Después de ti entendí que de las mil maneras que hay para matar a quien amas, la más lenta es nunca amarla lo suficiente. O no amarla en absoluto. O hacerle creer que la amas cuando en realidad habita lo más profundo del sótano de tu corazón.
Yo habría sido. Yo quería ser. Pero tú nunca quisiste.
Durante todo este tiempo quise creerte. Quise creer en cada palabra, en cada silencio, en cada abrazo. Quise creer que el amor podría llegar a ser más fuerte que tu miedo, que valía la pena apostar todo por un beso que había nacido muerto y que se extinguió poco a poco entre caricias vacías.
Hubiera. Hubiera. Hubiera. Ese maldito hipotético de todo lo que se quedó a medias; en el camino entre ser y no ser, atorado entre lágrimas e instantes robados.
Pero tus pies están aún atascados en las arenas movedizas de tu pasado y mi mirada no hacía sino apuntar al futuro. Hacia nuestro futuro. ¡Ese que pudo haber sido, pero tú te negaste a luchar! Te faltaron agallas y a mí me sobraron ganas de querer intentarlo.

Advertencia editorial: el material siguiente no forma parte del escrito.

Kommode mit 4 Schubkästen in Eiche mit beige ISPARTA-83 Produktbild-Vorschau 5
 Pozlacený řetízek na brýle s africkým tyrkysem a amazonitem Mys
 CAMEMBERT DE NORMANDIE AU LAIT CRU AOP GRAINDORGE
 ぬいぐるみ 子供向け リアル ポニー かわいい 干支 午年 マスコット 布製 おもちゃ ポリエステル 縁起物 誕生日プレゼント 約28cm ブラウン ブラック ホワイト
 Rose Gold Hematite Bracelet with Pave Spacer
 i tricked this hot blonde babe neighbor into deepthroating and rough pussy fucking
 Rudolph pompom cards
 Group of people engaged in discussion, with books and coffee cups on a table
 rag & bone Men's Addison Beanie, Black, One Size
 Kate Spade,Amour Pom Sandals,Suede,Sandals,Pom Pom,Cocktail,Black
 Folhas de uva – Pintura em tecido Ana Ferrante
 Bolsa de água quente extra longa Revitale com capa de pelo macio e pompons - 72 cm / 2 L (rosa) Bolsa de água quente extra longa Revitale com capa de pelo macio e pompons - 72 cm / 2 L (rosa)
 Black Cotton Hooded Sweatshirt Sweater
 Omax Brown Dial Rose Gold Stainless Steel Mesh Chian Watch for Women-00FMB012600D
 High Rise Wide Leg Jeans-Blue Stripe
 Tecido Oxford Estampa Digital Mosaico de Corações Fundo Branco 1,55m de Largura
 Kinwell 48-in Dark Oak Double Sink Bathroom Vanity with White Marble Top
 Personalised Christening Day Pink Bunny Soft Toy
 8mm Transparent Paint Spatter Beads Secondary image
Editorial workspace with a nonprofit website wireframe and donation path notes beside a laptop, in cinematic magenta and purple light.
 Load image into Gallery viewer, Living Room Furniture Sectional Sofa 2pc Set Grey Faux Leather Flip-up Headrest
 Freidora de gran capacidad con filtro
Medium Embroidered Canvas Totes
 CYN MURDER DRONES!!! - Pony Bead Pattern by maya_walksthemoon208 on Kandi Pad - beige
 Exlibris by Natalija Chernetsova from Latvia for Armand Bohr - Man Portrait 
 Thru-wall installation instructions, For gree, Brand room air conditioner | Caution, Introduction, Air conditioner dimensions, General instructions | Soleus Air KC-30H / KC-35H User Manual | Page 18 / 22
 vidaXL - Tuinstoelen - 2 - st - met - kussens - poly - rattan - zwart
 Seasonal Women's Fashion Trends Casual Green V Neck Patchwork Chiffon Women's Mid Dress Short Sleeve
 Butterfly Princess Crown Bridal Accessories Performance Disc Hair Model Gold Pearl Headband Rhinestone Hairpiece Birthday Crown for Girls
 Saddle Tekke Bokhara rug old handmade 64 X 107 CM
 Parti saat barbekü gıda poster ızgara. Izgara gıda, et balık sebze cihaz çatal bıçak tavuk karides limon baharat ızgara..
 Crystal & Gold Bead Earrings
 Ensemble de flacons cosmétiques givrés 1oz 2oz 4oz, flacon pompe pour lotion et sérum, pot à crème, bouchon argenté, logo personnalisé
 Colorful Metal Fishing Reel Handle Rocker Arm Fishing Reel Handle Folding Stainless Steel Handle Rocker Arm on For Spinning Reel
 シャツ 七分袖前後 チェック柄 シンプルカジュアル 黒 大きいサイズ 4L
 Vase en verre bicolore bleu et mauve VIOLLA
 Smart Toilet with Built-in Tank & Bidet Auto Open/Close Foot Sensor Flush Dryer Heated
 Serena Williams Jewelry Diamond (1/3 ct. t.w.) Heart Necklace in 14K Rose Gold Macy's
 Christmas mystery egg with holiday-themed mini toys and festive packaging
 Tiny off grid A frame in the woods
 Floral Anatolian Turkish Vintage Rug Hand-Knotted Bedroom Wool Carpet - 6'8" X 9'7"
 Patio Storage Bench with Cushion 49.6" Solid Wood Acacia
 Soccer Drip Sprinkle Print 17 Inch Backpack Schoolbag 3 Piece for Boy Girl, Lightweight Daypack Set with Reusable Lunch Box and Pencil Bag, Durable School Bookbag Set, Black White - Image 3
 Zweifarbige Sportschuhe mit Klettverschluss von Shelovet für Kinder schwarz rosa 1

¿Que si estoy bien? No lo sé. Ya se me olvidó lo que es estar bien.
Camino por un suelo que es mar bajo mis pies y con tu olvido fragmentándome a cada paso. Hoy quiero creer que me extrañaste. Hoy me gustaría imaginarnos donde lo dejamos, allá donde la esperanza nos mantenía de pie y no cansados de buscar el oxígeno que te llevaste. Yo muero de sed, sed de ti y aun así me sigo ahogando. Ahogando en tu recuerdo, en tu silencio y aún así, aún así no quiero responder. No voy a responder.
Tengo que aceptarlo. Voy a aceptarlo. Te fuiste. Decidiste irte y yo tengo que dejarte ir.
Quizá un día pueda responderte con una sonrisa de vuelta: «Sí, estoy bien». Pero no hoy. Porque no sé cómo seguir siendo fuerte, pues incluso para un fénix es cansado estar renaciendo de sus propias cenizas, de sus propios trozos rotos.